Viola Liuzzo was a 39 year-old Detroit Teamster’s wife and mother of five, who joined thousands of people converging in Selma, Alabama for the march on Montgomery, led by Martin Luther King in ’65. But shortly after the historic Voting Rights March had ended, she was shot in the head and killed by a car full of Klansmen, while driving on a lone highway.
Liuzzo’s death came at a pivotal moment in the civil right movement, when President Johnson had been fighting an uphill battle to push the Voter’s Rights Act through Congress. Her murder is attributed by historians of the era as providing the final piece of leverage that won Johnson approval of the Act in Congress, which forever changed our political landscape.
Why do we not know the story of Viola Luizzo, while nearly everyone has heard of Goodman, Schwerner and Cheney -- the three rights workers killed the year before in Mississippi? The reasons are complex, and won’t be found in history books. Immediately following her murder, Liuzzo became the target of a smear campaign, mounted by J Edgar Hoover and the FBI, as a means of diverting attention from the fact that a key FBI informant was in the car with Liuzzo’s killers. This discrediting of her name -- mostly based on her gender and wholly unfounded -- succeeded in erasing Viola Liuzzo from our cultural memory. After delving through thousands of pages of government documents and filming interviews with leaders in the fields of politics, history and forensics psychology, the filmmakers shed a new light on this complicated, buried story.
Parallel to the Civil Rights struggle for which Viola lost her life is the present-day journey of her five children. Mary, the middle daughter, decides to retrace her mother’s road trip from Detroit to Selma with the filmmakers. In the mid-60s she was an angry kid in the midst of a personal rebellion with her mother. The trauma of her sudden death caused her to bury any memories of her mother. Instead, she found herself reliving only the details of her gruesome death and its tumultuous aftermath. Now as an adult, she’s ready to bring her back into consciousness. What she finds in Selma is both surprising and profoundly healing.

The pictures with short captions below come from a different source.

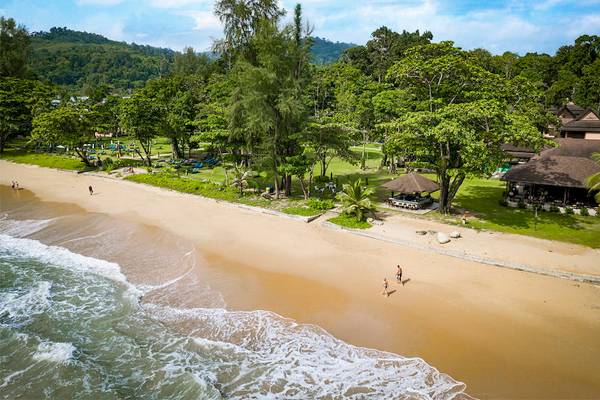 Luftaufnahme des Khao Lak Merlin Resorts Strand mit grünen Bäumen und blauem Himmel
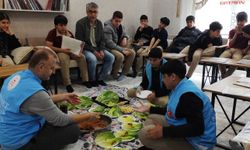 LGS Öğrencilerine Çiğköfteli Moral: Diyanet Gençlik Merkezinde Anlamlı Buluşma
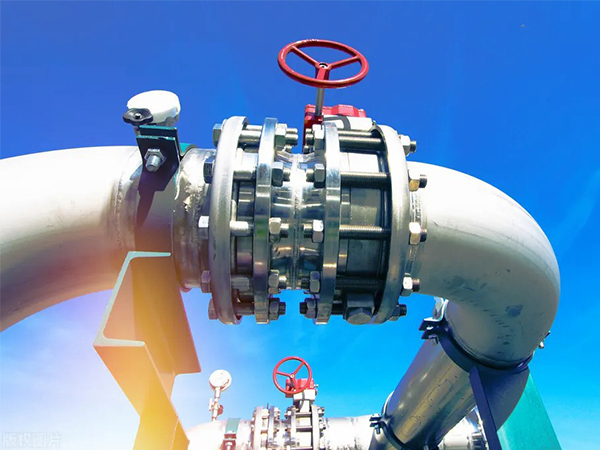 影響工(gong)業閥門(men)市場的(de)主要趨(qu)勢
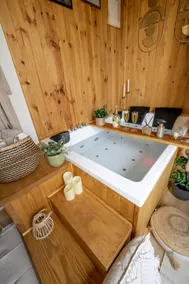 Jacuzzi Sauna privatif - La Cabanette Spa - Image 3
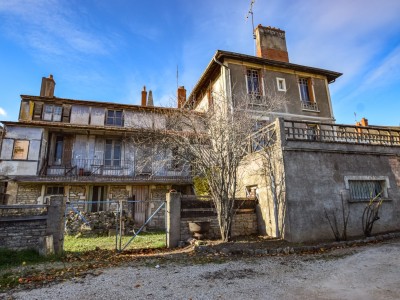 Maison ancienne et ses d�pendances A VENDRE - GIVRY - 107 m2 - 105�000�&euro;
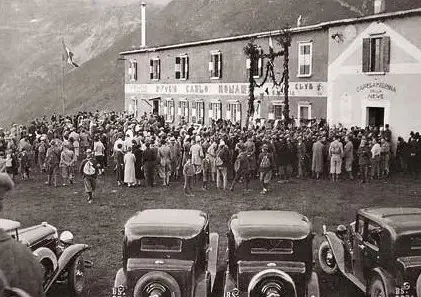 La cerimonia al «Carlo Bonardi» nel 1934 - Foto © Archivio Negri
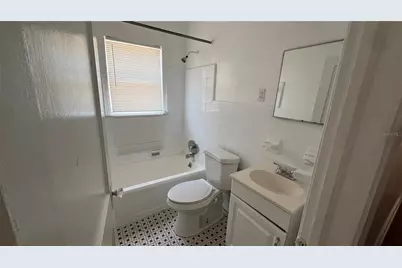 735 Grove Street N #2, Saint Petersburg, FL 33701 - Photo 7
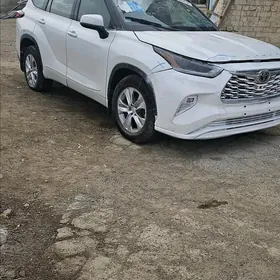 Toyota Highlander 2022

Her brothers Tony and Tommy, who as boys felt the weight of it all on their shoulders, were eventually hit the hardest. Theirs is a path routed in turmoil, resulting largely from repeated failed attempts to vindicate their mother and seek justice their family. Their lives have been torn apart by what they see as a betrayal of their government, and after decades of fighting, they’ve each resigned themselves to their own form of refuge, which disconnects them from their sisters and the rest of the world.
Home of the Brave links the personal and the political, the past and present and has a resonance to our world today.